Figure 1. A subpopulation of PAG-RVM projection neurons expresses α7 nAChRs.

A. Left: Fluorescence photomicrograph illustrating a sample RVM injection site (−10.5 mm from Bregma). Gigantocellular Reticular Nucleus (GiA) and Raphe Magnus Nucleus (RMg) are part of the RVM. (Scale: 500 um). Right: Example vlPAG backlabeled neuron. (Scale: 20 µm). B. Representative fluorescence images of a backlabeled vlPAG neuron that projects to the RVM (left), antibody staining for tryptophan hydroxylase (TPH), a marker of serotonergic neurons (center), and image overlay showing no co-localization of the fluorescent signals (right; scale = 100 µm). We saw no overlap with TPH immunofluorescence in 77 backlabeled cells. C. Inward current response to a brief focal application of acetylcholine (ACh; 3 mM; 300 msec duration). Similar responses were seen in 49 of 78 backlabeled neurons tested. D. Inward current response to focal application of the selective α7 agonist, PHA-543613 (100 µM; 300 msec). Similar responses were seen in 8/16 neurons tested. E. Focal ACh application (3mM) induced an inward current with similar kinetics whether the application was 300 msec (black trace) or 2 sec (light grey trace) in duration.

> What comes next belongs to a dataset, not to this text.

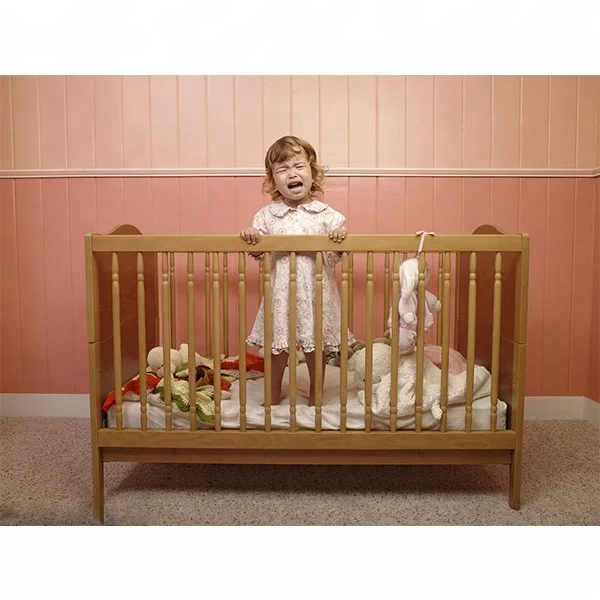 2018 New children beds popular hot sale wooden baby cot bed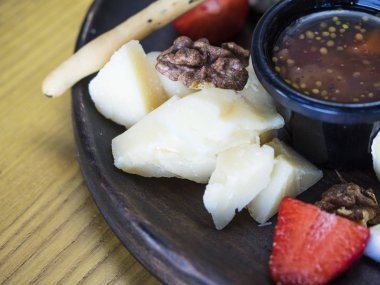 İtalyan chesse plaka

Bath application of MLA (10 nM) completely blocked the ACh-induced current in the same neuron. Complete blockade by MLA was seen in all responsive cells tested (n=15). F. Summary of response prevalence of vlPAG neurons to ACh alone and in combination with MLA (10 nM; tested only on responsive cells) or αBGT (50 nM; pretreated for >15 min prior to recording); n values are presented within or above each bar. G. Inward current due to focal application of ACh (3 mM). H. Inward current response to ACh (in the same neuron as G.) after treatment with the α7 positive allosteric modulator, PNU-120596 for15 min. The prolonged inward current is consistent with loss of α7 nAChR desensitization due to PNU-120596.